## Task requirements
Leave out all pictures. Extract exactly the lines from the one containing "Pilgrim MAEVE hoop øreringe guldbelagt" through the end of the data.

## Input for this task
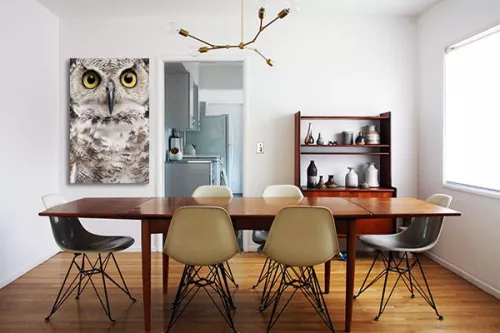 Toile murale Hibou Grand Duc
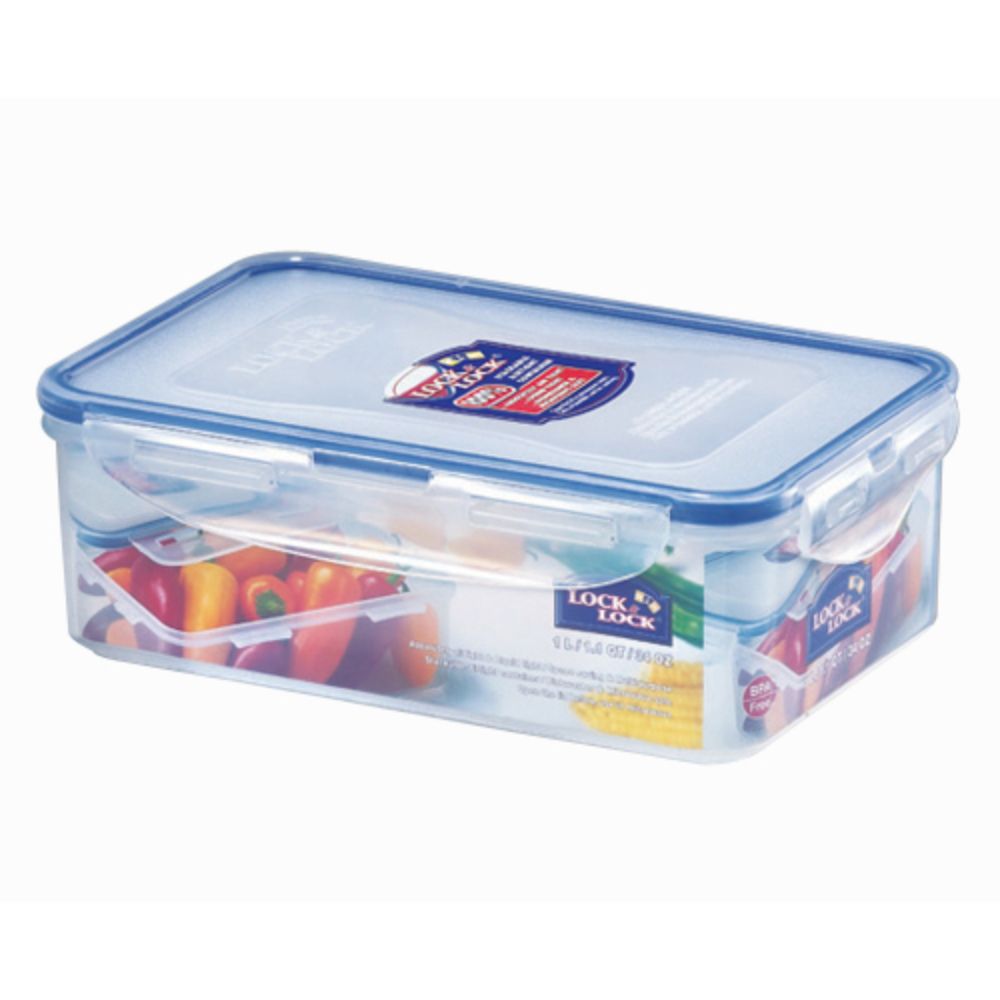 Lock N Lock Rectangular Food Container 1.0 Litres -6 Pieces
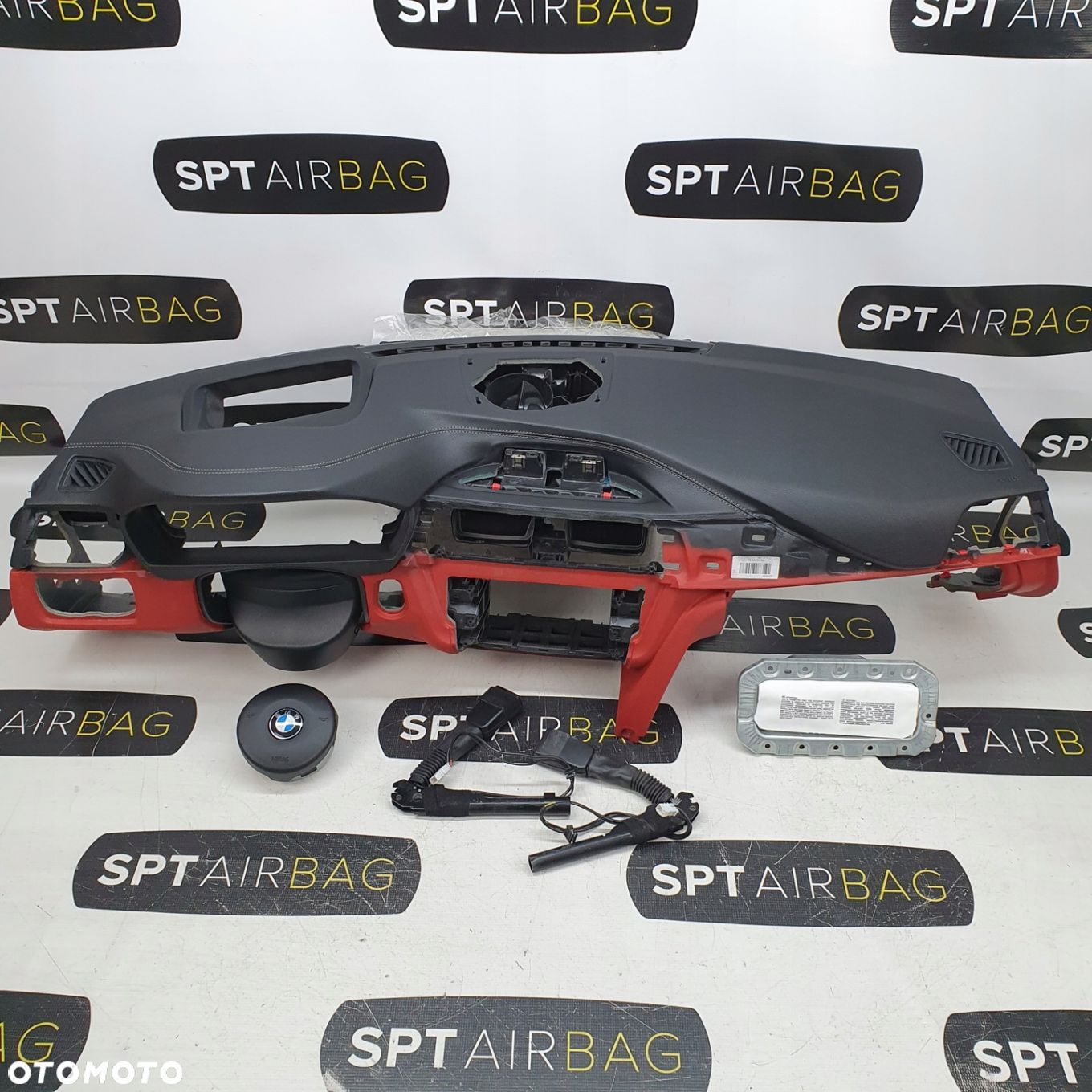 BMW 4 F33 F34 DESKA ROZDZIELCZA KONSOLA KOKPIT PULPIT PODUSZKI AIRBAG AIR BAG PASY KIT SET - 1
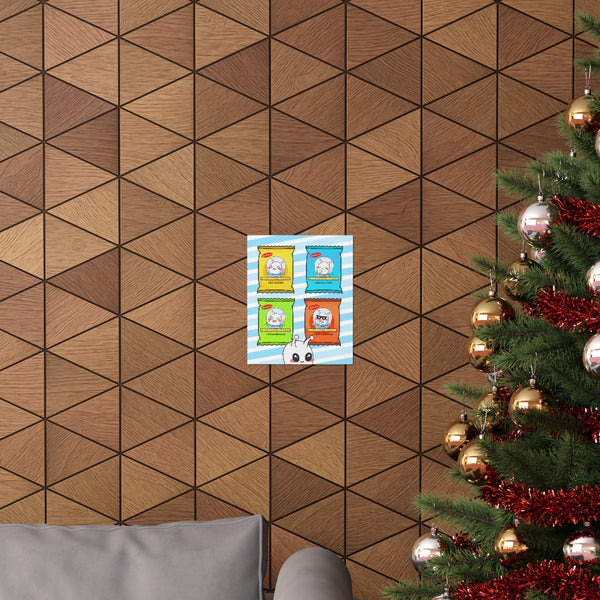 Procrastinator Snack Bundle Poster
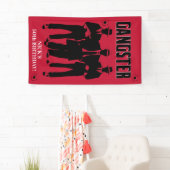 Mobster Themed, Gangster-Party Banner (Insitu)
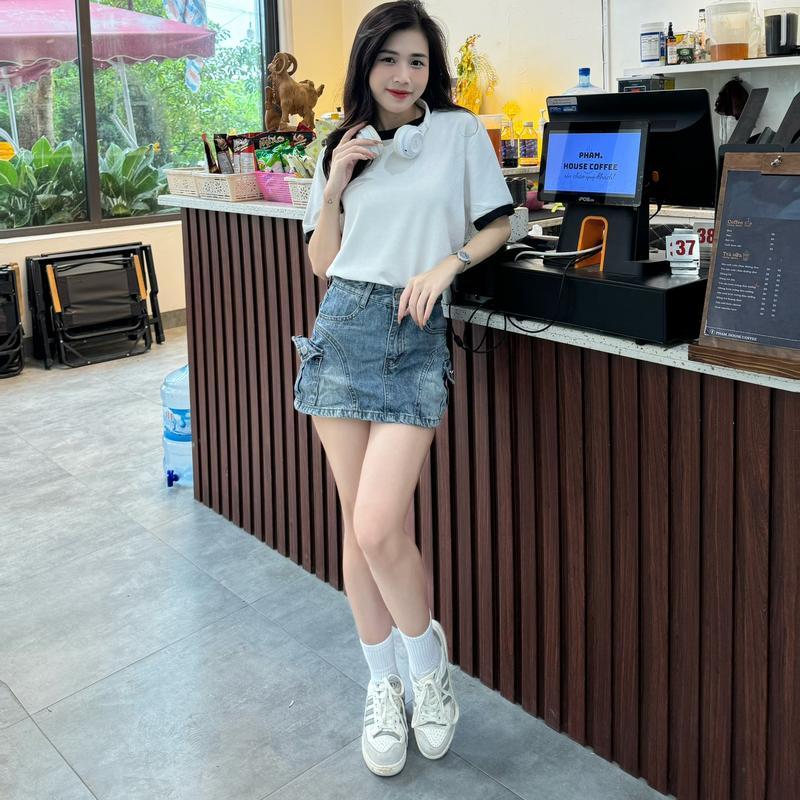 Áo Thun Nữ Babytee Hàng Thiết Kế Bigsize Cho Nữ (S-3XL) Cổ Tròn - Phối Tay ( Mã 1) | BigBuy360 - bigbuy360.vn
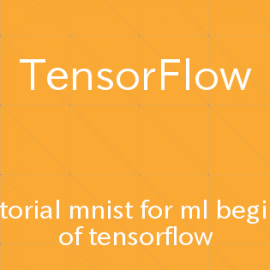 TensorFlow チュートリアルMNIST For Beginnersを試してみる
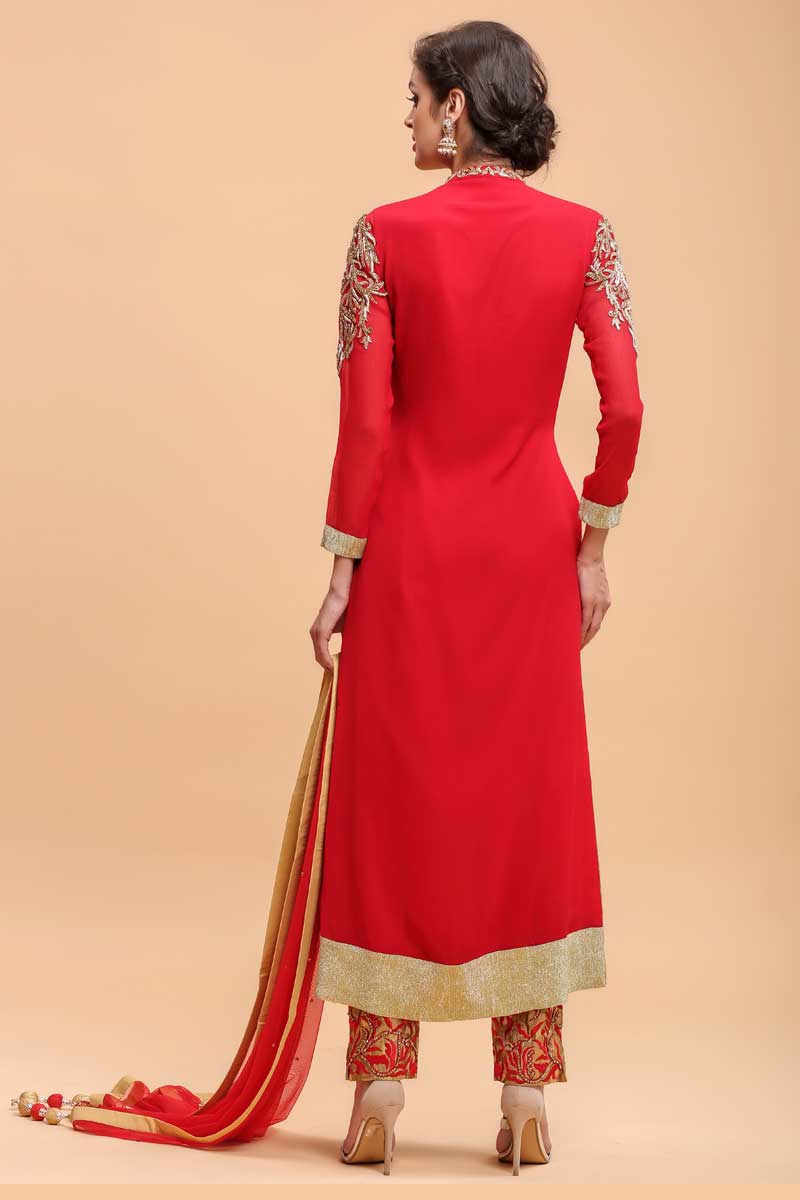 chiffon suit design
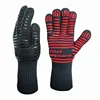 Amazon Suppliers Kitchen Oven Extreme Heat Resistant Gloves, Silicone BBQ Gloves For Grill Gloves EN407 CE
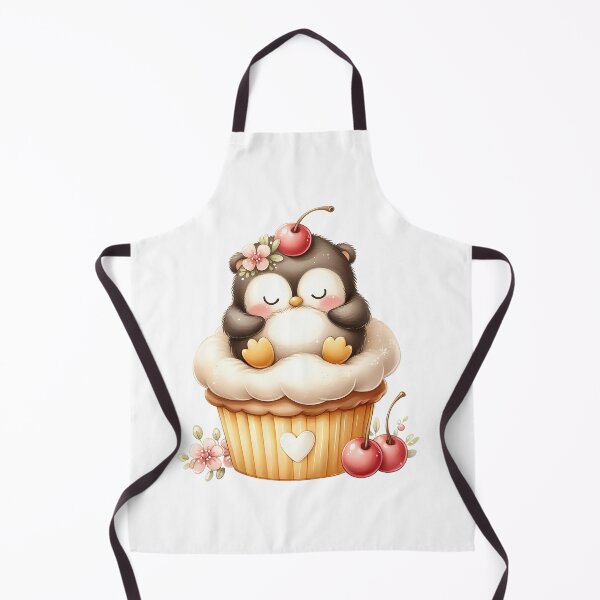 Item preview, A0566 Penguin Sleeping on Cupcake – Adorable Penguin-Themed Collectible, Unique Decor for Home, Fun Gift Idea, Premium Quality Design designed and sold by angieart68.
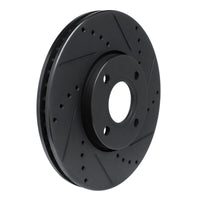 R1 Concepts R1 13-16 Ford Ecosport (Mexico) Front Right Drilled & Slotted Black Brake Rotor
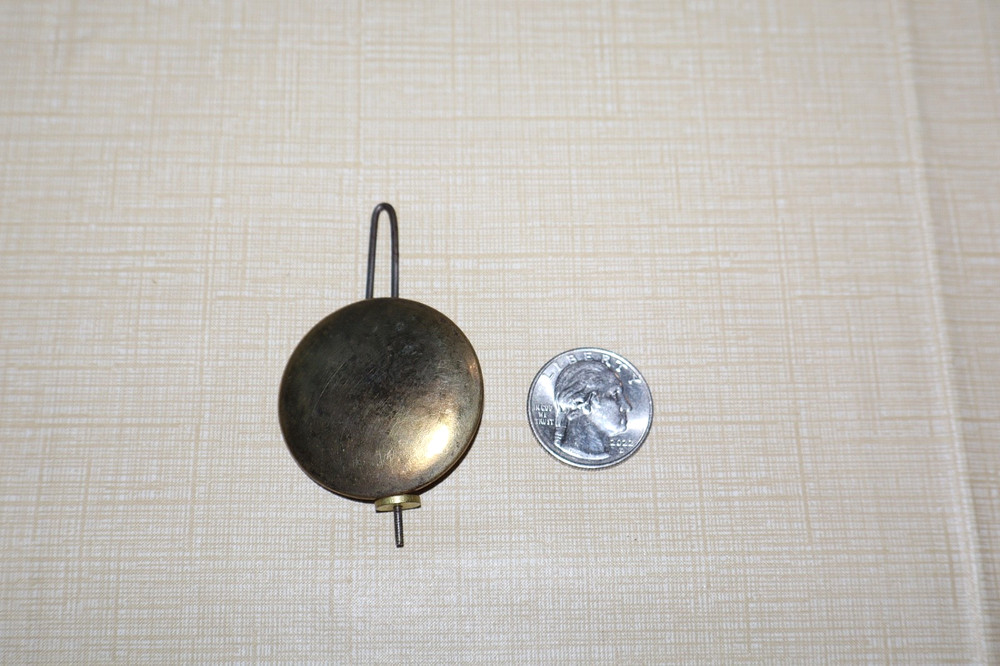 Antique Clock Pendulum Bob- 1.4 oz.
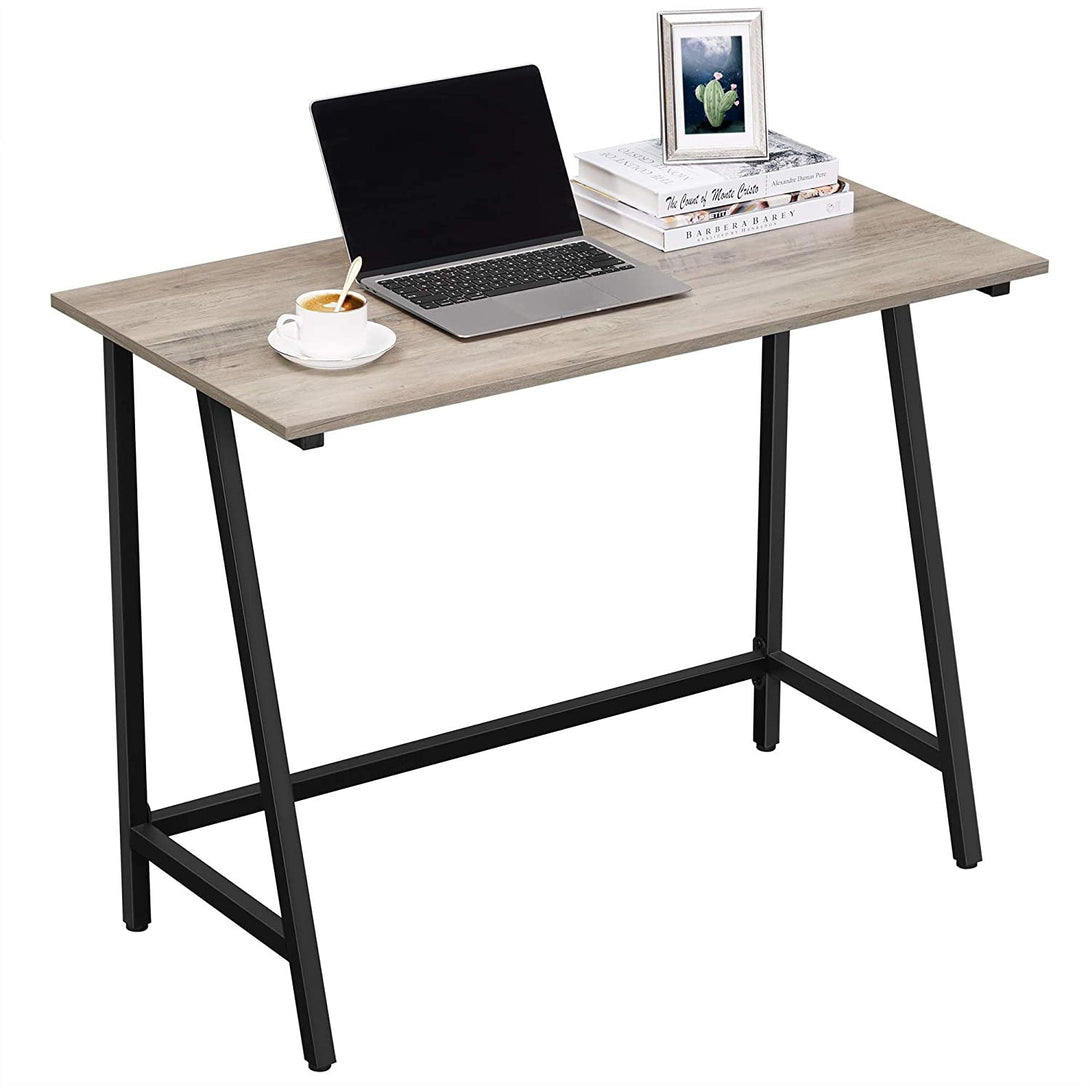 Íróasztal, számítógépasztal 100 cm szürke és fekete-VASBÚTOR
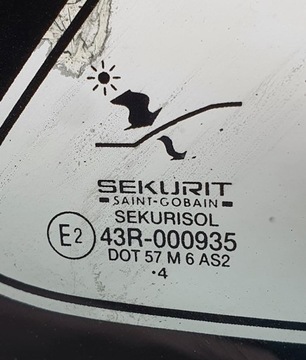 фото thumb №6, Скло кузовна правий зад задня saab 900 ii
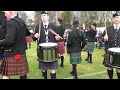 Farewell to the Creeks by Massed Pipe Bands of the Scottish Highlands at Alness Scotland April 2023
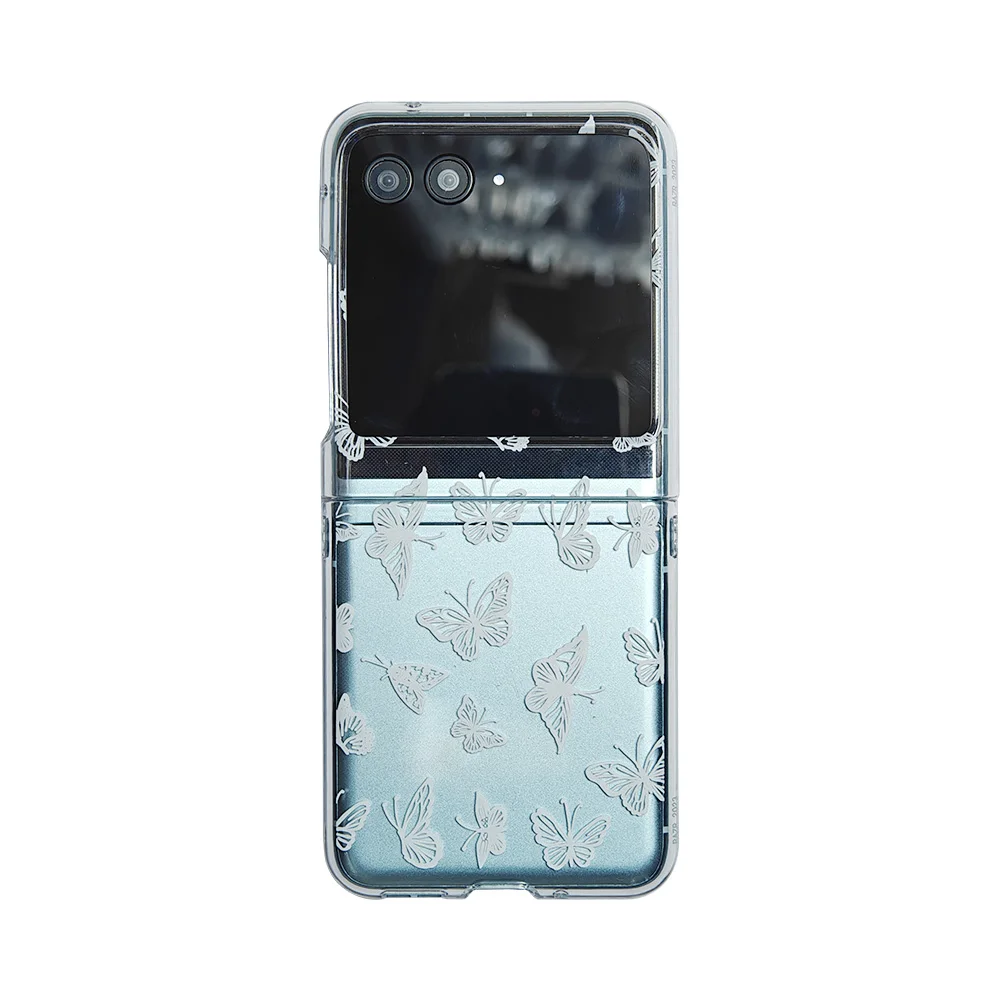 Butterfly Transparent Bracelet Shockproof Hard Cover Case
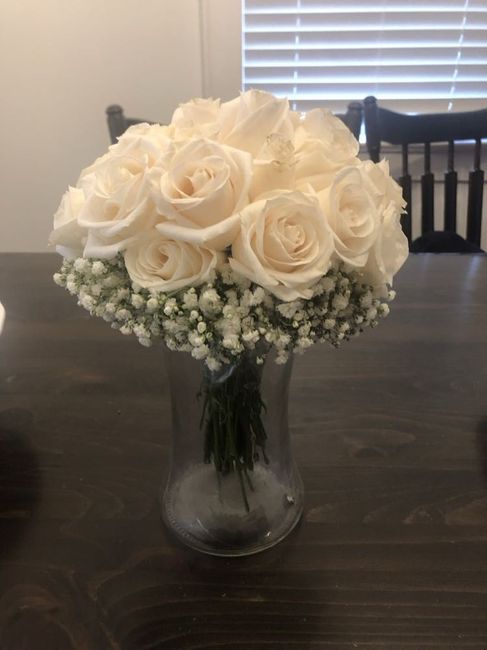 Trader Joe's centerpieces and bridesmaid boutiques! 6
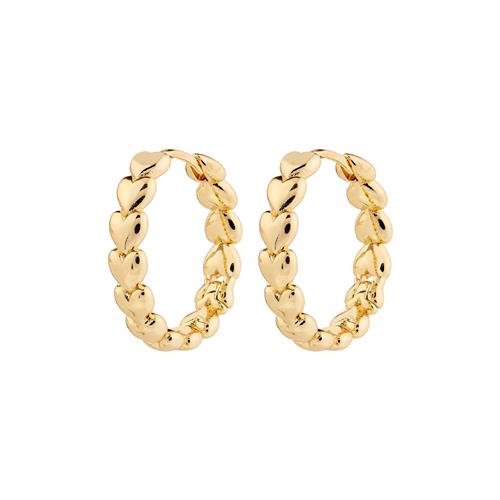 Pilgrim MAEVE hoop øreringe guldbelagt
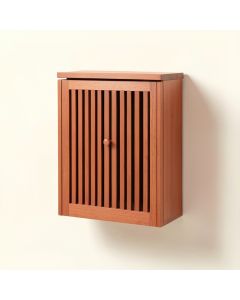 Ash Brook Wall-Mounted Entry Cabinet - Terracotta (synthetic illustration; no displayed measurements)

## Your response
 Pilgrim MAEVE hoop øreringe guldbelagt
 Ash Brook Wall-Mounted Entry Cabinet - Terracotta (synthetic illustration; no displayed measurements)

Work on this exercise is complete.